Artificial Intelligence, computational intelligence, and their applications

Introduction and history

The field of artificial intelligence can roughly be divided into two parts - symbolic artificial intelligence and computational artificial intelligence. Symbolic artificial intelligence uses a symbolic description of the world in some formal language (e.g. logic) to solve problems, e.g. in the field of planning and knowledge representation. In contrast, computational intelligence focuses on learning behavior from available data and observations. Nature-inspired algorithms then represent a large part of computational intelligence.

Nature-inspired algorithms comprise a wide range of techniques that are rapidly gaining popularity in artificial intelligence. Among the most famous of them are artificial neural networks and evolutionary algorithms. Above all, artificial neural networks (in the form of so-called deep learning) today achieve many good results and surpass traditional methods in the field of image processing, reinforcement learning, machine translation, and others.

Neural networks are inspired by the functioning of the nervous system. They consist of simple computing units, so-called neurons, which are connected by weights. When training neural networks, these weights are adjusted so that the outputs of the network correspond to some desired outputs. Evolutionary algorithms are in turn optimization algorithms inspired by Darwinian evolution. They work with a set (population) of solution candidates (individuals). They run in iterations (generations) and apply genetic operators (crossover and mutation) to the entire population in each generation. Individuals that represent better solutions have a better chance of creating new offspring.

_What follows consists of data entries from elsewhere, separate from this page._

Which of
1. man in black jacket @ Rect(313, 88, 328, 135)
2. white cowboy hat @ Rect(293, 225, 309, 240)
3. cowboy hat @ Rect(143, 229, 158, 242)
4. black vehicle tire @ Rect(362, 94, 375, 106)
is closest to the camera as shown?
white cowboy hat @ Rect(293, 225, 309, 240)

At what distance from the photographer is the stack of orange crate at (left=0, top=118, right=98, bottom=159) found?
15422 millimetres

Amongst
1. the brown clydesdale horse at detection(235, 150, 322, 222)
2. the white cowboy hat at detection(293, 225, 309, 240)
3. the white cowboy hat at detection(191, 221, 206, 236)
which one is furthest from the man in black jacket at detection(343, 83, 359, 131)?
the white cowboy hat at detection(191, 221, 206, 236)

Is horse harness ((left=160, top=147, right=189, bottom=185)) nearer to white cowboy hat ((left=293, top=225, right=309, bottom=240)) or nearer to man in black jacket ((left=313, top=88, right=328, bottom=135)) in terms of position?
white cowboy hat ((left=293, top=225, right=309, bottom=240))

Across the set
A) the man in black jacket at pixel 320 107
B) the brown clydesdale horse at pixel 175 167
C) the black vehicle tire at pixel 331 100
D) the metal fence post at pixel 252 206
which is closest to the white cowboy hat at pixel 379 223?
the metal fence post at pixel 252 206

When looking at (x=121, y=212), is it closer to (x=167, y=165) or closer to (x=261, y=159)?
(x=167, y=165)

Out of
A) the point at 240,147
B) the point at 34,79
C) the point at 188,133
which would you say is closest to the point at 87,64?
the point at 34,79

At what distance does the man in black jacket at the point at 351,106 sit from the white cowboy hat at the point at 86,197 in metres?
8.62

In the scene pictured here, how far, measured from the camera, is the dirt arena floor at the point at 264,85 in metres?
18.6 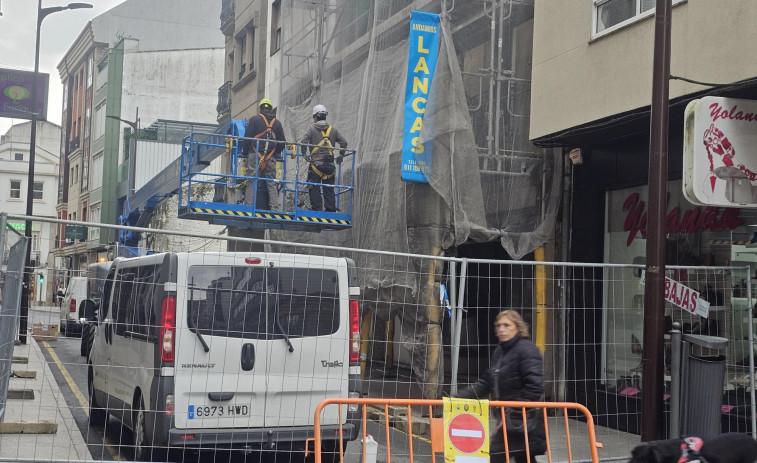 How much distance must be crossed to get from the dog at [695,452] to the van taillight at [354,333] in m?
3.65

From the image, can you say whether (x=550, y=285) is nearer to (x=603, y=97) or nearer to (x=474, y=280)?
(x=474, y=280)

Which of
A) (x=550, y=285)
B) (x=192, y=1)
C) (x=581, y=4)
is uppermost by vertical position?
(x=192, y=1)

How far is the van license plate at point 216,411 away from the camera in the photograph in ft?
26.3

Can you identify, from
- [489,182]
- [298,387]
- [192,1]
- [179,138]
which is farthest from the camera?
[192,1]

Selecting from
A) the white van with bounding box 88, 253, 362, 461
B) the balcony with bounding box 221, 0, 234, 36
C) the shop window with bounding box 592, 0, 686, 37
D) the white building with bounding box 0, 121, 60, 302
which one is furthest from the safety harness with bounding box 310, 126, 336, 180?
the white building with bounding box 0, 121, 60, 302

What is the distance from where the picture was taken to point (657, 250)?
777cm

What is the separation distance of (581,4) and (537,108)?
149 centimetres

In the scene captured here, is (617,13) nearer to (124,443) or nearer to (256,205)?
(256,205)

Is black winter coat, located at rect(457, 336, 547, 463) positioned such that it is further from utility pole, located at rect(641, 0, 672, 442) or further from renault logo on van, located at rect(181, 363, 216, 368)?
renault logo on van, located at rect(181, 363, 216, 368)

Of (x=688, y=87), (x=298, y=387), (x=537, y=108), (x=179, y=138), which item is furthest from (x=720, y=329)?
(x=179, y=138)

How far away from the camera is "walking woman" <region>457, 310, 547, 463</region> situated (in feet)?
22.0

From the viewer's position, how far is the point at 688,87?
1016cm

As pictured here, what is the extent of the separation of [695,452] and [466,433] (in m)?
1.73

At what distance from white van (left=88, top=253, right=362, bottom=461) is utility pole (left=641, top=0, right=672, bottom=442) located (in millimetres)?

The above-mentioned methods are definitely not new. The first experiments with artificial neural networks date back to the 1940s. In 1959, Rosenblatt presents the perceptron, which later becomes the basis of modern neural networks. However, the development of neural networks in the 1970s and 1980s was marked by distrust in their abilities, which was based mainly on the book Perceptrons by Marvin Minsky and Seymour Papert. The further development of neural networks then only came in the second half of the 80s after the (re)discovery of the backpropagation algorithm, which is still used to train neural networks today. Currently, different architectures of (deep) neural networks are emerging in many areas of machine learning and give the best known results.

The idea of evolutionary algorithms is also not new. One of the first evolutionary strategies (optimization algorithms for continuous optimization, which are characterized by the fact that they automatically adapt their parameters) dates back to the late 1970s. The genetic algorithm as such was created in mid-1980s. Today, evolutionary algorithms are used in addition to optimization itself, e.g. for the design of electronic circuits, or for training neural networks in reinforcement learning.

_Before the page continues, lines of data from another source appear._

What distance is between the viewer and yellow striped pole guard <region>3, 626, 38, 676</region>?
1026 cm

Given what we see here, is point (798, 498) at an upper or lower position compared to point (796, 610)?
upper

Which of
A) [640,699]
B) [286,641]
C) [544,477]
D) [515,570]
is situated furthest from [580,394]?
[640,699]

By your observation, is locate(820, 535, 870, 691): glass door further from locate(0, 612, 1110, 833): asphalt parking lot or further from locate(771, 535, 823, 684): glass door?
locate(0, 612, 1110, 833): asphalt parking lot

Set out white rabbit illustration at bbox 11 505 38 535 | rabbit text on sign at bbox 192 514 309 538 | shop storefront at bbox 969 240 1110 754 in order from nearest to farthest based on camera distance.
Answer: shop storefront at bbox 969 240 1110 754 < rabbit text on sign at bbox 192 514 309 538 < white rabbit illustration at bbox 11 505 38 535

Machine learning and optimization

The main areas of application of nature-inspired algorithms are machine learning and optimization. In fact, as we will see, these areas have a lot in common, since the goal of machine learning is typically to adjust the parameters of a model to best fit the available data. However, the area of optimization is somewhat more general.

The entire field of machine learning can be divided into three areas:

  1. In supervised learning, we are given inputs and their respective outputs. The goal is to find a model that, given an input, correctly assigns the correct output. Outputs can be of two types, either categorical or numerical. In the former case, the goal is to assign the object to the correct category (e.g. to decide whether there is a dog or a cat in a picture), and the problem is called classification. In the latter case, the goal is to predict a numerical value based on the input data (e.g. the price of the property based on information about it). Such a problem is called regression.
  2. In unsupervised learning only inputs without desired outputs are given. The goal is typically to divide the inputs into groups of similar inputs (clustering), or to learn how inputs look and generate new data (generative models).
  3. In reinforcement learning, the goal is to learn the behavior of an agent so that it best solves a given problem based on feedback from the environment in which it acts. We can think of this as trying to learn a new game by trying different actions and seeing how they affect the score.

Applications and results

Nature-inspired methods have achieved many interesting results in recent years. In the field of evolutionary algorithms, the Humies awards are announced every year for results obtained using evolutionary algorithms, which can compete in quality with results obtained by humans. For example, one of the nice results is the antenna design obtained through genetic programming, which was used in a NASA test mission. Evolutionary algorithms can also be used to evolve neural networks, e.g. to create artificial intelligence for the Mario game.

Neural networks, and deep neural networks, achieve very good results, for example, in image classification and processing. A nice result is, for example, automatic creation of captions for images. But deep neural networks also achieve very good results in reinforcement learning and are able to beat human players in many games such as Go, Starcraft, or many Atari games (you can access this paper if you log in on the page - Access through my institution).